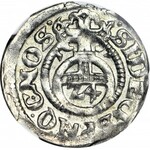 Pomorze, Księstwo Wołogoskie, Filip Juliusz, Grosz 1611, Nowopole, Kop. R1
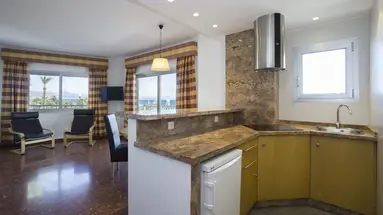Bajondillo Hotel Aptos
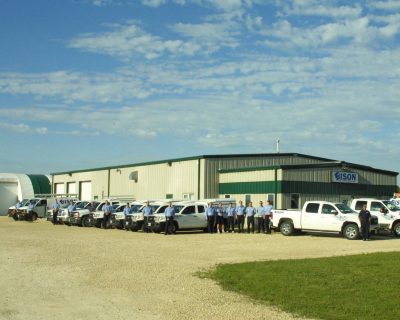 Office Pic 1 Bison Fire Protection Inc. - Winnipeg Office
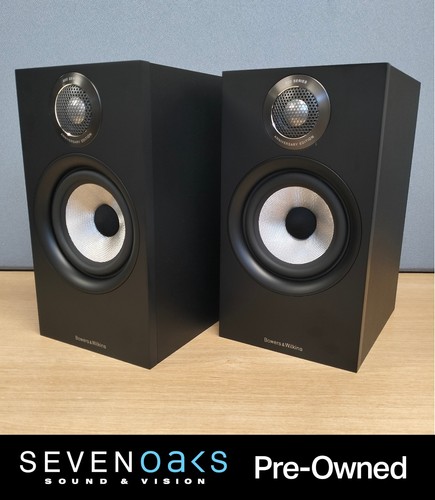 Bowers wilkins w - &, s2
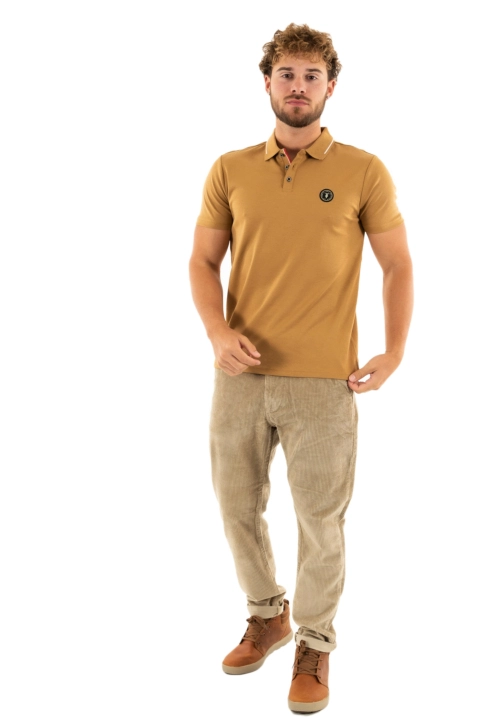 Polos Le Temps Des Cerises aron 1004 beige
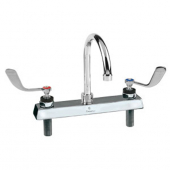 CHG KL41-8102-RE4 Encore Workboard Faucet Deck Mount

########################################

→ ABOUT THIS TASK
Output the records above in their entirety and exactly, leaving out all images.

→ SOLUTION TO THIS TASK
 Pomorze, Księstwo Wołogoskie, Filip Juliusz, Grosz 1611, Nowopole, Kop. R1
Bajondillo Hotel Aptos
 Office Pic 1 Bison Fire Protection Inc. - Winnipeg Office
 Bowers wilkins w - &, s2
 Polos Le Temps Des Cerises aron 1004 beige
 CHG KL41-8102-RE4 Encore Workboard Faucet Deck Mount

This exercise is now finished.